The problem is that data sample sizes returned can be anywhere from a few hundred values to over 100,000 values (depends on the time base used). Our plotting space is a bitmap (using GDI). Of course, Bitmap space is inherently limited. Our bitmap is 560 pixels wide at this point, we could grow that a bit but the problem remains the same.

When drawing a spectrum analyzer display we can afford to drop some data values and get a reasonably accurate display. The existing code here would simply get 560 data points (one per pixel) from the captured data. The values used are evenly spaced through our sample size, i.e. every 178th sample from a 100,000 value data capture to get 560 plotting values.

When drawing an oscope display this becomes problematic. Individual pulses may only be represented by 10-20 data values.

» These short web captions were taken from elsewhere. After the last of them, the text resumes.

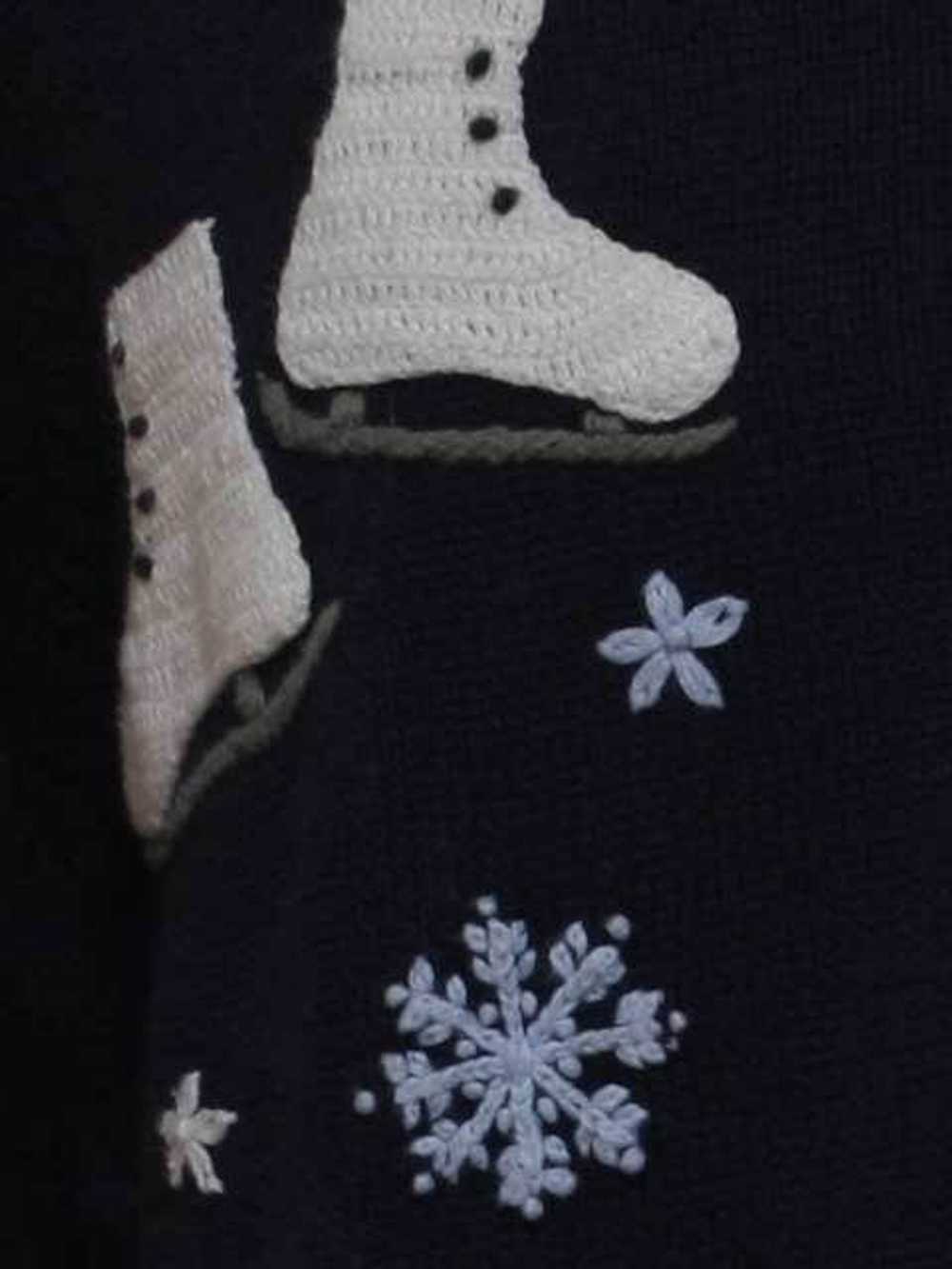Cherokee Unisex Ugly Christmas Sweater - image 2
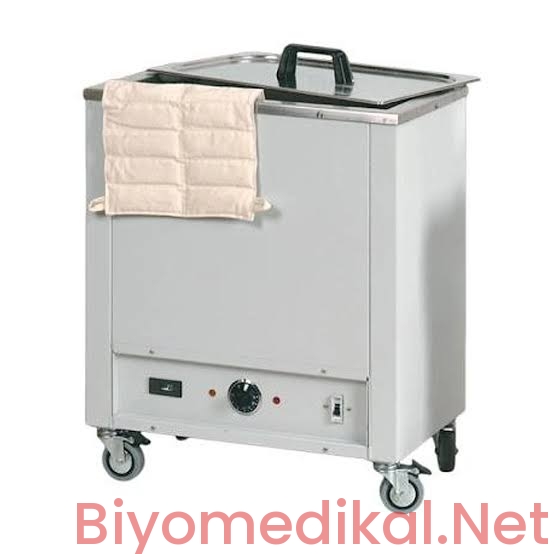 Hotpack ve Parafin Cihazı Bakımı ve Kalibrasyon Rehberi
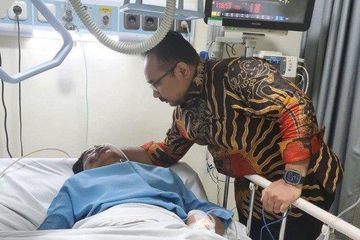 Besar Kemungkinan Pada Pasien Diffuse Axonal Injury Seperti David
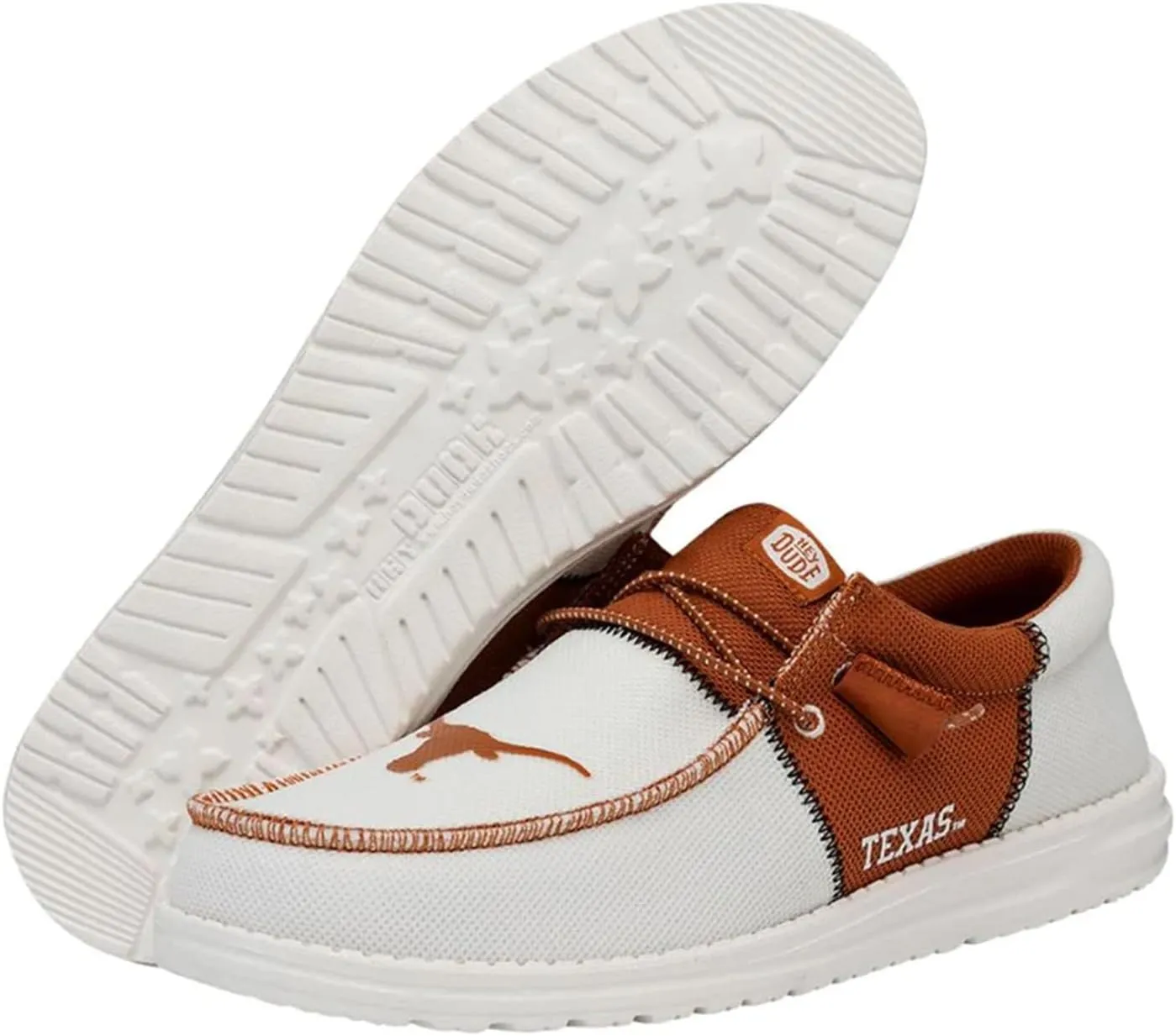 Hey Dude Wally Men’s Shoes, Men's Slip-on Loafers, Comfortable & Light-Weight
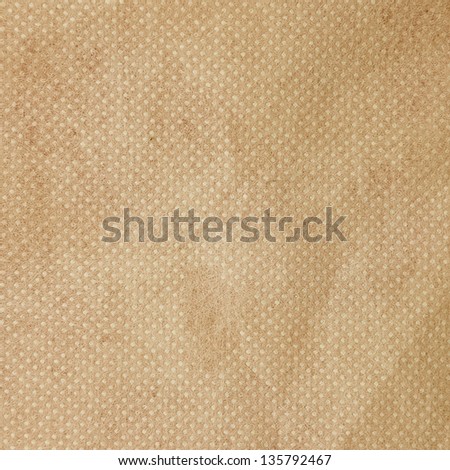 Brown paper background, craft paper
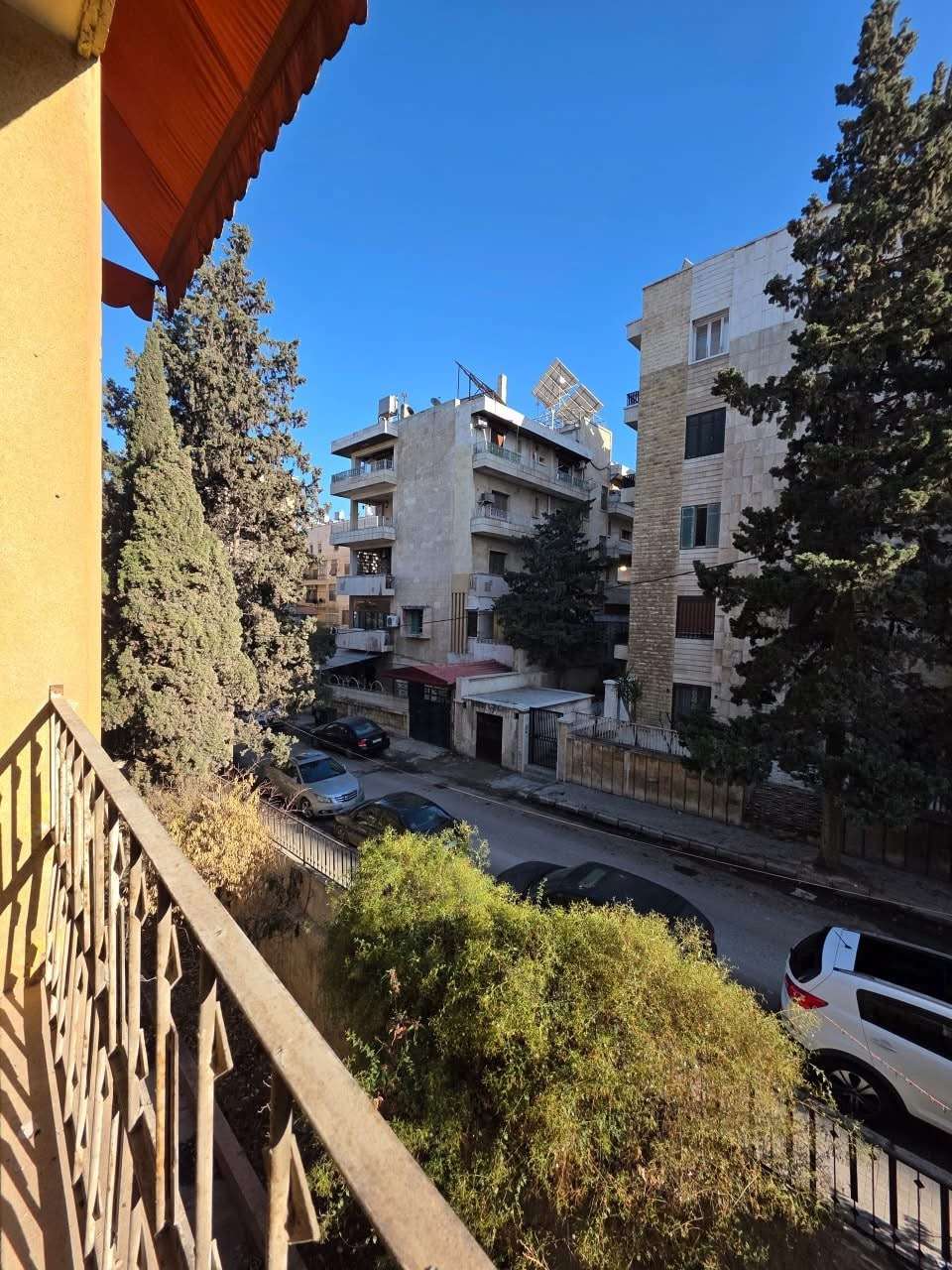 شقة مساحة 250 م - حلب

Our existing logic will entirely miss pulses. We can group captured data values and average them together but this will distort the actual voltage value of the pulses.

Has anyone faced a similar problem before plotting large data samples into small spaces? So far we've haven't come up with a algorithm to scale our sample size down into a smaller space and maintain accuracy.

pm_kirkham
December 21st, 2007, 09:36 AM
Maybe you could plot all the points using a graphics library which supports non-integral points and correctly antialiases lines. Anti-grain geometry is one such library, but I haven't used it in production. You should get something that looks like a scaled down version of the true graph, rather than a subsampled plot.